121. It will not happen this way when it comes to a thrust of third. Because it is directed to the right collateral and above the arm at the time of the formation of fifth, you will abandon the enemy’s sabre and, leaving it on the inside, go to cover a point on the outside which he was not trying to attack. This same must be understood with the half reverse and others to the head, formed from below the guard.

122. From the removal of third, one can easily pass to the sixth to constrain either a thrust or a cut, because on the side of this removal, the contrary is not given the superior or the inferior, but the inside. The opposite is observed from the parry of fourth, and here we have the cause of the differences between the passes of one removal to another.

123. If, standing in the parry of sixth, the contrary directs a blow of the point low to the breast, freeing it from above the sabre, you will not be able to remove it in third, because the removal of sixth is lower. In consequence of this, it does not uncover the upper points for a blow of the tip. Nor must it occur to them to defend a lower point. If an absurdity of this class is attempted, it would happen that, having to raise the sabre to put the point at the height of the supreme plane, and lower the hand to the middle plane and the right vertical, the contrary sabre would be left entirely to the inside, and the wound would be unremovable.

124. Therefore, it is a general rule that all removals must be made by the shortest route, with preference for those that walk the point in a straight line to those which need to circle to get to them if it is not required by the nature of the strike.
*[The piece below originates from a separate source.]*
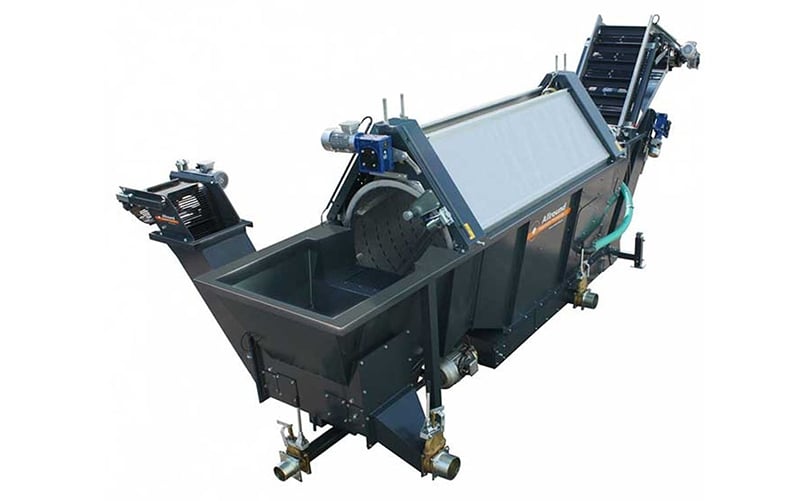 Allround Potato Washer PDK-300 Allround Potato Washer PDK-300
Finally, do not ever remove with circular removals* from the inside to the outside to constrain wounds of the point, but rather for cuts that go to the head of the when you are waiting in a low removal or for cuts that are directed to the side, being in a high removal.

*Circular removals are those where the point and the arm describe a curved line in their formation and they occur when you pass from high to low or the reverse. The point will describe a straight line if one executes a removal from one superior to another and when one goes from one inferior to another.